Friday, February 7, 2014

Makeup and Hairstyling

Between finally watching Dallas Buyers Club and Inside Llewyn Davis, I have finished a good number of categories and will hopefully have something daily from here until the awards show. Today, we start this run with Makeup and Hairstyling for which the nominees worked on
  • Dallas Buyers Club
  • Jackass Presents: Bad Grandpa
  • The Lone Ranger
This is certainly no class like last year's which carried Les Misérables, the critically overlooked Hitchcock, and that year's Hobbit film. I'm not even sure where to start with this year's selections as each film feels rather narrowly focused and not terribly impressive.

So let's start with Jackass. I'll be honest, when I started watching this, I double checked to see if it was nominated for anything else. How foolish of me. This film got in on the back of the transformation of the 42 year old Johnny Knoxville into the 86 year old Irving Zisman, which is more impressive if you don't actually look at a recent photo of Knoxville and instead remember the Knoxville who burst onto the scene in his early thirties. That said, the makeup work to create Zisman is nothing short of remarkable and is perhaps best characterized by the fact that it holds up to in-person scrutiny. The only fault I can really place is a very obvious bald-cap line in some scenes. The makeup sells Knoxville's portrayal of a repugnant octogenarian, but other than that things are pretty substandard. There are a couple penis/testicle props that were realistic enough to be believed, though I doubt anyone examined them very closely. This movie lives and dies with the Zisman costume.

The Lone Ranger has a similarly well-aged Johnny Depp starring as old Tonto, younger Tonto's unfortunately sourced pleasingly crusty makeup, and William Fichtner's take on the scarred Butch Cavendish (who sports a poorly thought-out cleft palate). The Cavendish makeup is strong, certainly, but the real prize here is certainly old Tonto which takes everything Bad Grandpa did and does it better. To be succinct, The Lone Ranger is both broader and better than Bad Grandpa.

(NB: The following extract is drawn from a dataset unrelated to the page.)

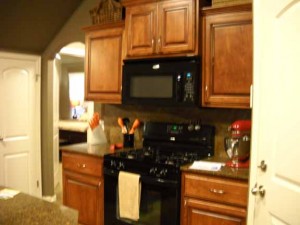 Updated kitchen with beautiful cabinetry, built-in microwave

That leaves us with the only film to garner more than two Academy Award nominations. Dallas Buyers Club largely speaks through simpler, muted tones in bringing us the mid-eighties. I spoke a bit about my feelings on more easily accessible and recognizably sourced looks here, and it's worth saying again that giving people hair from the eighties just doesn't impress me. The other notable works here lie in the bodily effects and damage due to AIDS and Jared Leto's turn as Rayon. Rayon is a painfully rendered caricature of a transwoman made all the more painful by Leto's attempt at her. The hair and makeup nearly continuously did a disservice to any credibility Leto may have had in the role. The only saving grace to Rayon are her headscarves which I'm still hesitant to enjoy as the de facto dying woman's headdress of choice.

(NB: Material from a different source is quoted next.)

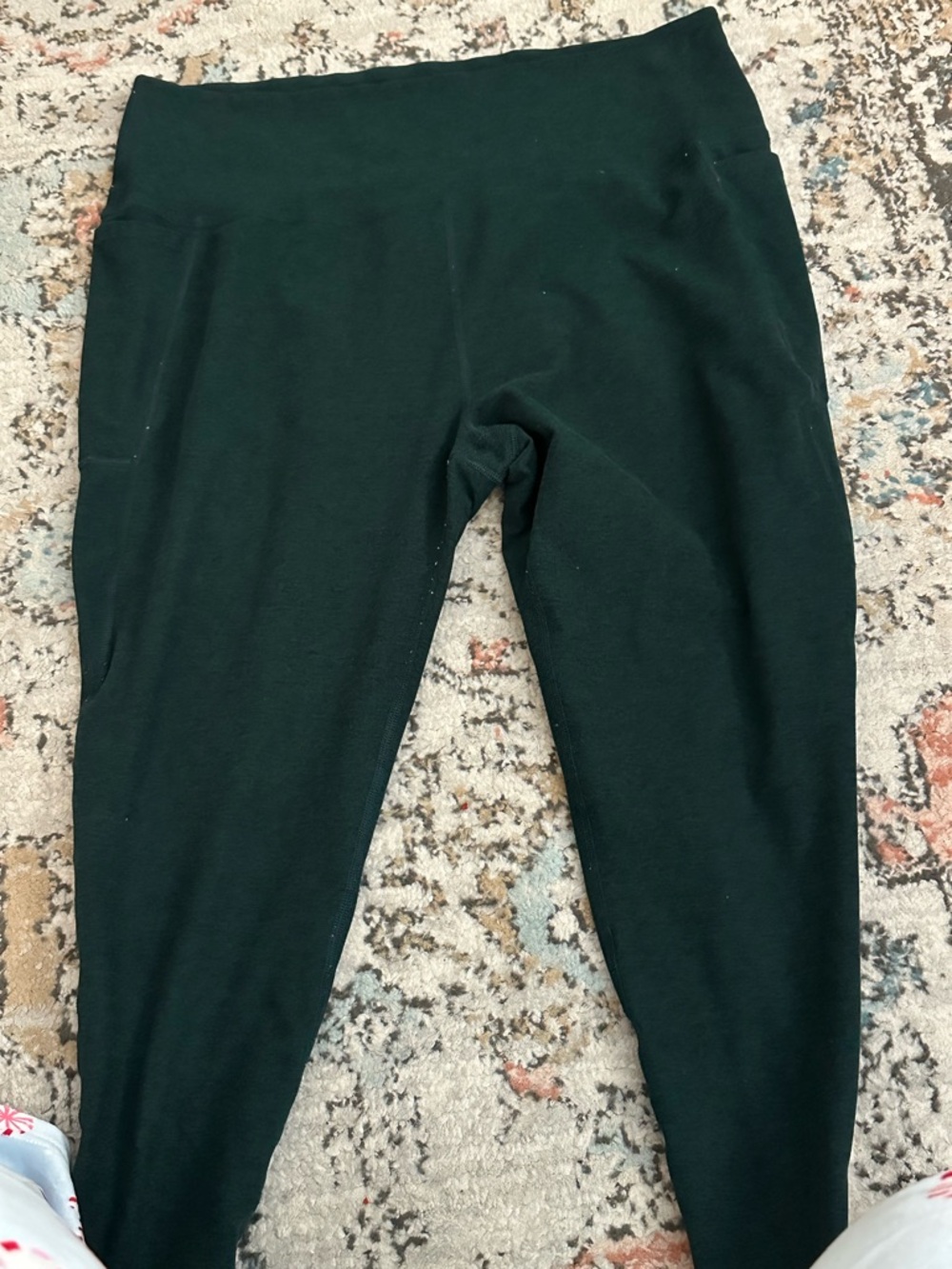 Women’s beyond yoga leggings. Emerald green. Has some wash wear.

As painfully and strongly as I want to like a movie such as Dallas Buyers Club over The Lone Ranger and especially Jackass Presents: Bad Grandpa, there's simply no argument for it in this category. Both of those other films' makeup and hairstyling served to enhance the film while Dallas Buyers Club went without any high points to really propel it forward and was, in at least one key area, held back. If the other two films were left out in the schoolyard, The Lone Ranger would look at Jackass and taunt, "Anything you can do, I can do better." I'd agree with it, and I think the voters will too.